* _YOUR GOAL_: Everything in the records below should be printed exactly, except the pictures.

* _LISTED RECORDS_:
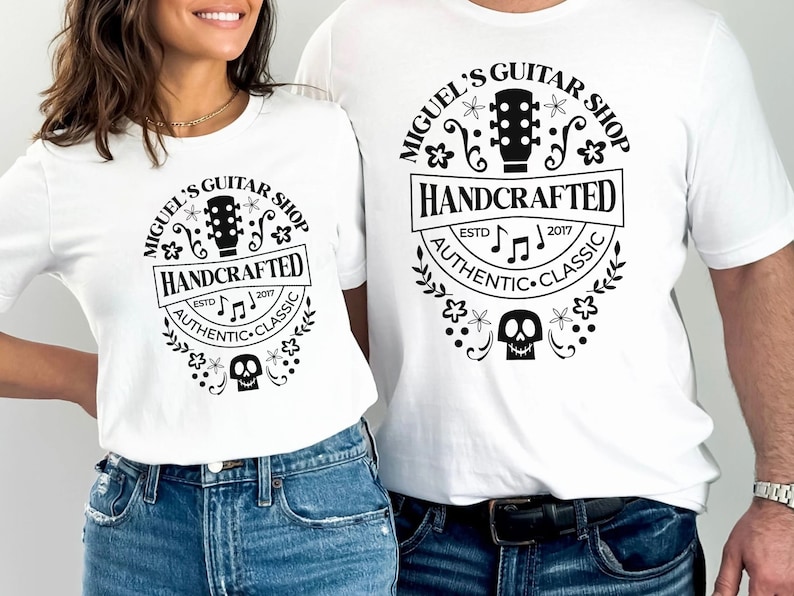 Puede incluir: Dos camisetas blancas con un dise&ntilde;o gr&aacute;fico en blanco y negro que presenta una guitarra, notas musicales, flores y una calavera. El texto en el gr&aacute;fico dice "Miguel's Guitar Shop", "Handcrafted", "Est. 2017", "Authentic" y "Classic".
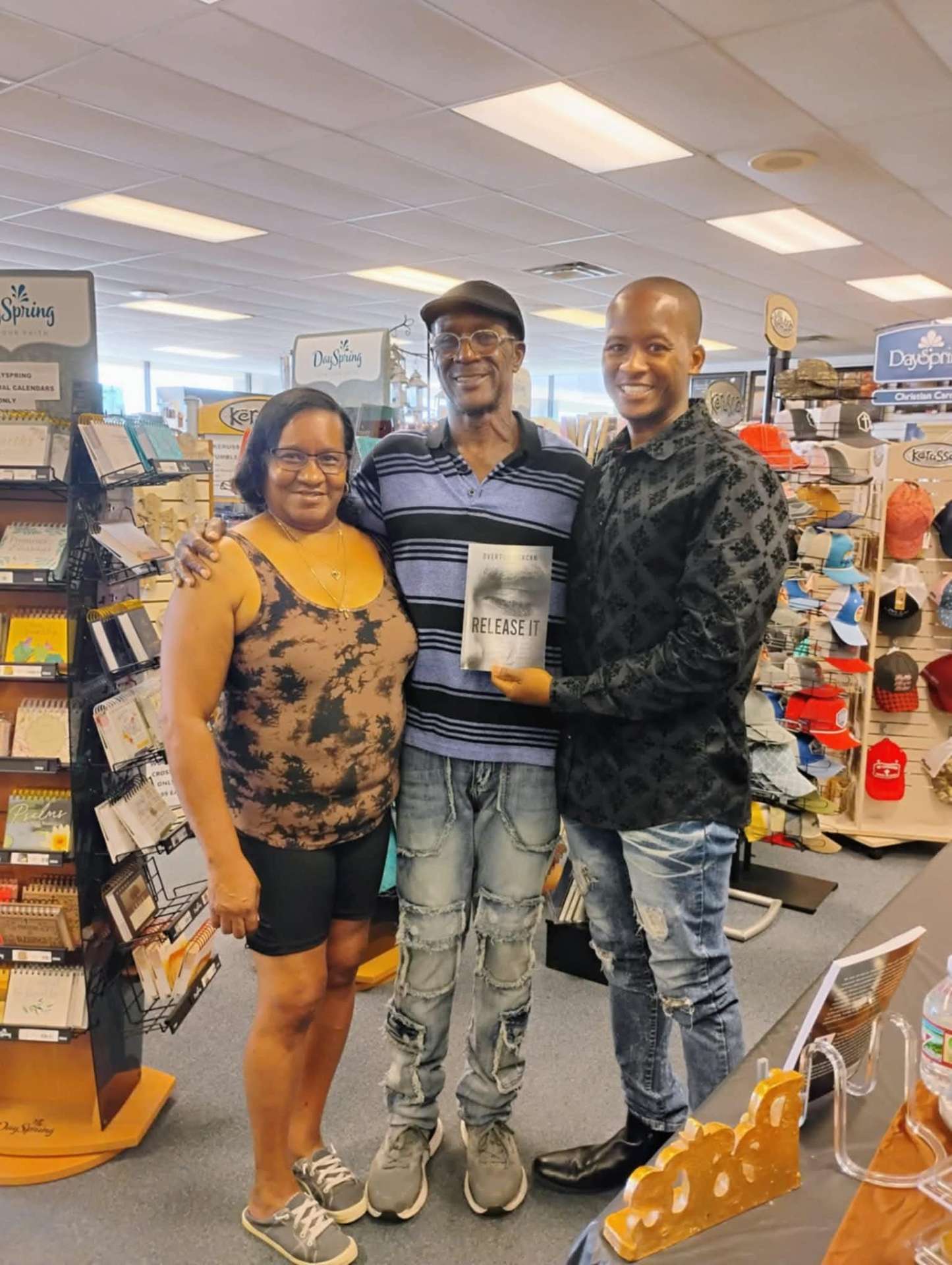 Overton Duncan with a reader at a bookstore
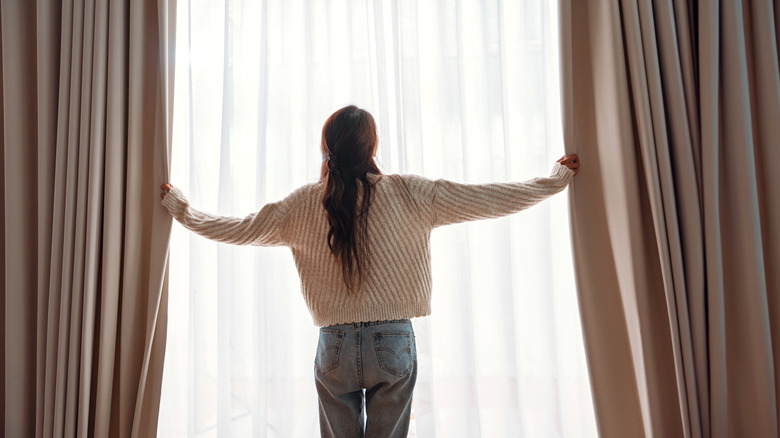 Woman pulls blackout curtains over sheer panels to block bright sunlight.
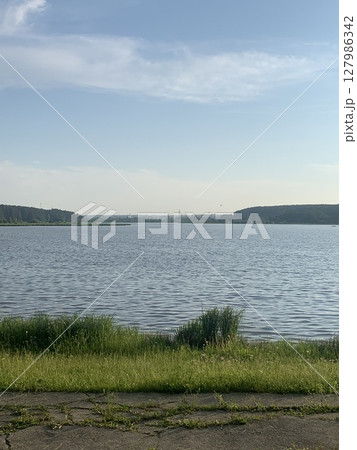 Quiet pond in the park during the day 127986342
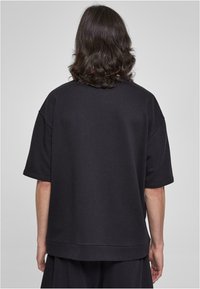 Černá oversize mikina vyrobená z měkkého materiálu, s kleslými rameny, krátkými rukávy a rovnými lemy. Žádné viditelné logo ani vzory.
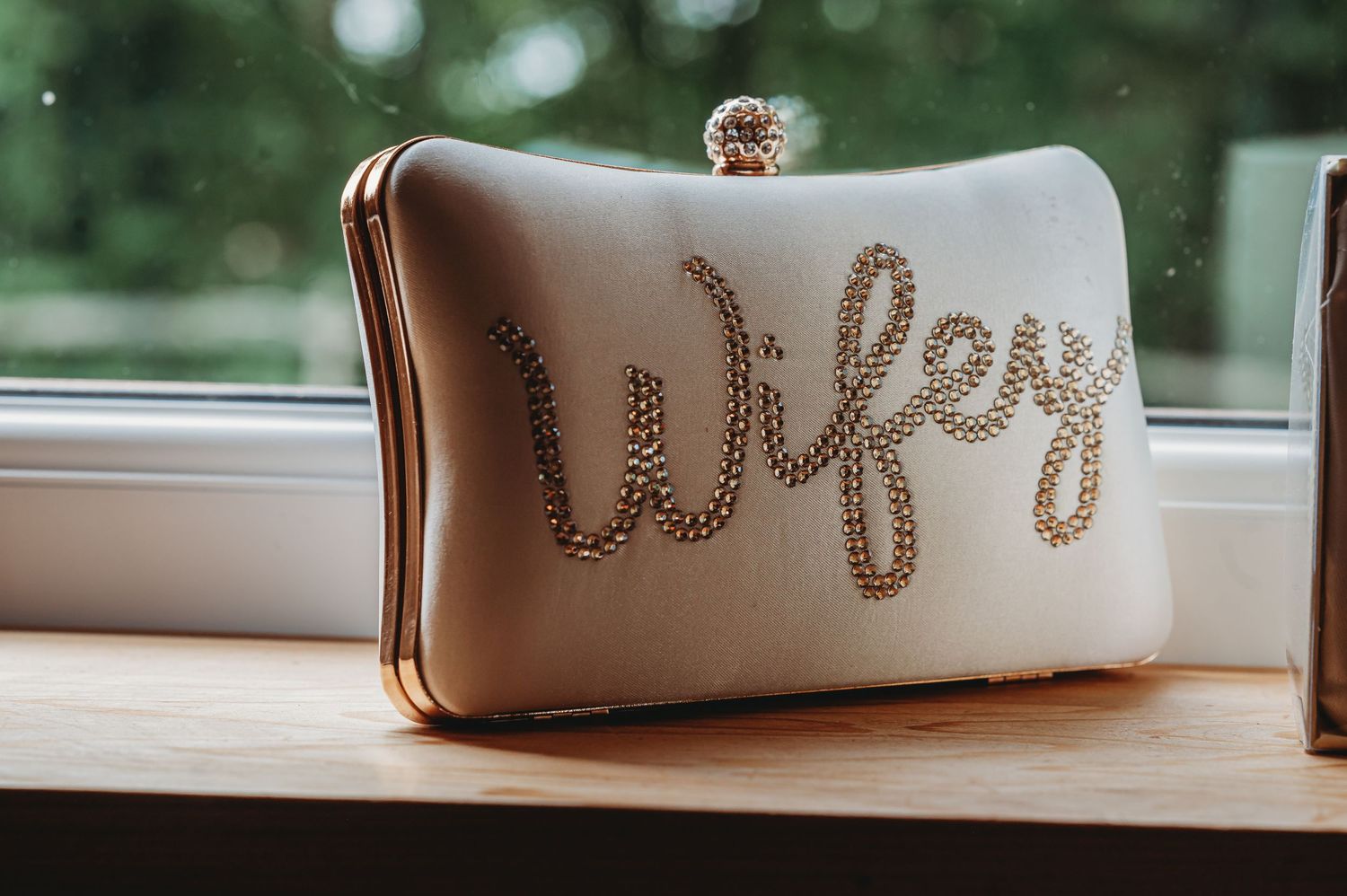 White bridal clutch purse with 'Wifey' written in rhinestone detail sits on wooden windowsill.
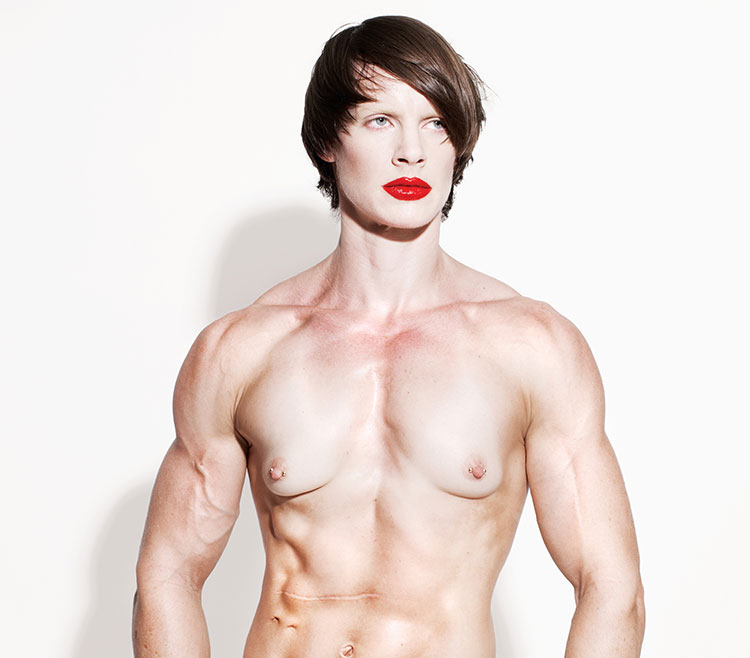 Artist Cassils posed in a jockstrap with red lipstick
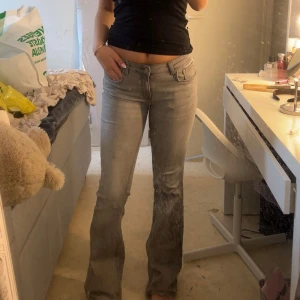 Grå bootcut jeans med låg midja - Säljer ett par snygga grå jeans med bootcut-modell och låg midja. Jeansen har klassiska fickor fram och bak, bälteshällor och dragkedja. Perfekta för dig som gillar en avslappnad men trendig look.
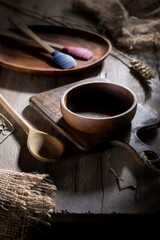 Wooden utensils on a rustic table in contrasting lighting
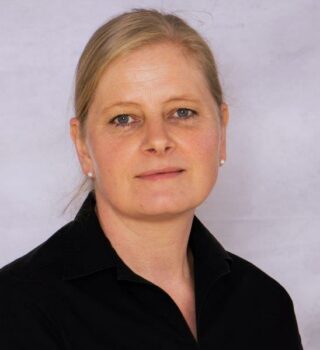 Anja Kuhnert: Eine Frau mit langen blonden Haaren mit Zopf. Sie trägt Ohrringe.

* _RESULT_:
 Puede incluir: Dos camisetas blancas con un dise&ntilde;o gr&aacute;fico en blanco y negro que presenta una guitarra, notas musicales, flores y una calavera. El texto en el gr&aacute;fico dice "Miguel's Guitar Shop", "Handcrafted", "Est. 2017", "Authentic" y "Classic".
 Overton Duncan with a reader at a bookstore
 Woman pulls blackout curtains over sheer panels to block bright sunlight.
 Quiet pond in the park during the day 127986342
 Černá oversize mikina vyrobená z měkkého materiálu, s kleslými rameny, krátkými rukávy a rovnými lemy. Žádné viditelné logo ani vzory.
 White bridal clutch purse with 'Wifey' written in rhinestone detail sits on wooden windowsill.
 Artist Cassils posed in a jockstrap with red lipstick
 Grå bootcut jeans med låg midja - Säljer ett par snygga grå jeans med bootcut-modell och låg midja. Jeansen har klassiska fickor fram och bak, bälteshällor och dragkedja. Perfekta för dig som gillar en avslappnad men trendig look.
 Wooden utensils on a rustic table in contrasting lighting
 Anja Kuhnert: Eine Frau mit langen blonden Haaren mit Zopf. Sie trägt Ohrringe.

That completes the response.